To have a set routine to follow religiously before every shot gives you the best chance to execute the shot the way you intend. To do otherwise just leaves too much to chance. Indulge me here and I’ll offer you some proof.

It’s been a while back now, but I still remember an interesting account on this subject that used the final round of the 1996 Masters—when Nick Faldo passed a collapsing Norman—as his statistical proof. This particular analyst reviewed the entire telecast of that final round and timed the routine of both players for every shot. What he discovered was that Norman got quicker and less consistent in his pre-shot routine throughout his round, while Faldo maintained his same, methodical approach to every shot, not varying by more than a second or so. I think that is pretty insightful stuff.

A lot of time has passed since then, but all competitive tour professionals pay very close attention to their pre-shot routines these days. I urge you to watch them as they go through the motions before each shot.

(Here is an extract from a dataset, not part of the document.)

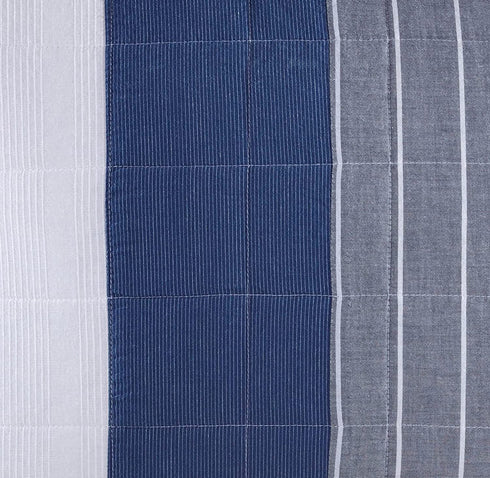 Nautica | Swale Collection | 100% Cotton Quilted Accent Standard Sham, Envelope Closure, Pre-Washed for Added Softness, Easy Care Machine Washable, 20" x 26", Navy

And notice that most of them “start over” if they get distracted during that process.

While I do not think it is practical for recreational golfers to go into such laborious detail for every shot, let me offer some suggestions as to how a repeatable pre-shot routine should work.

The first thing is to get a good feel for the shot, and by that, I mean a very clear picture in your mind of how it will fly, land and roll; I also think it’s realistic to have a different routine for full shots, chips and pitches and putts. They are all very different challenges, of course, and as you get closer to the hole, your focus needs to be more on the feel of the shot than the mechanics of the swing, in my opinion.

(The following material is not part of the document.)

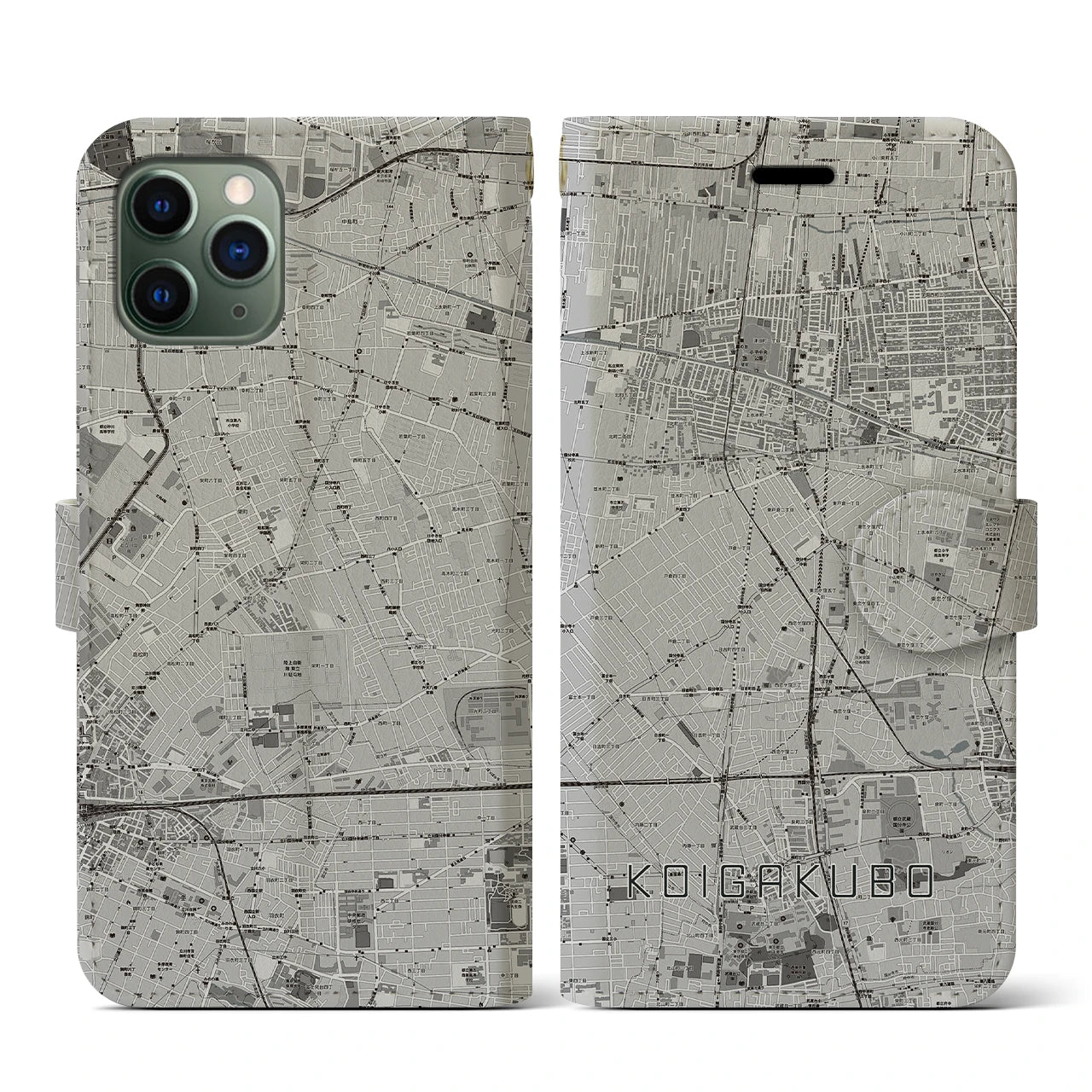 【恋ヶ窪(東京都)】地図柄iPhoneケース(手帳タイプ)モノトーン・iPhone 11 Pro 用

To begin, I think the best starting point is from behind the ball, setting up in your “mind’s eye” the film-clip of the shot you are about to hit. See the flight and path it will take. As you do this, you might waggle the club back and forth to get a feel of the club in your hands and “feel” the swing that will produce that shot path for you. Your exact routine can start when you see that shot clearly, and begin your approach the ball to execute the shot. From that “trigger point”, you should do the exact same things, at the exact same pace, each and every time.

For me (if I’m “on”), I’ll step from that behind-the-shot position, and set the club behind the ball to get my alignment. Then I step into my stance and ball position, not looking at the target, but being precise not to change the alignment of the clubhead–I’m setting my body up to that established reference. Once set, I take a look at the target to ensure that I feel aligned properly, and take my grip on the club. Then I do a mental check of grip pressure, hover the club off the ground a bit to ensure it stays light, and then start my backswing, with my only swing thought being to feel the end of the backswing.

That’s when I’m “on,” of course. But as a recreational player, I know that the vast majority of my worst shots and rounds happen when I depart from that routine.

This is something that you can and should work on at the range. Don’t just practice your swing, but how you approach each shot. Heck, you can even do that at home in your backyard. So, guys and ladies, there’s my $0.02 on the pre-shot routine. What do you have to add?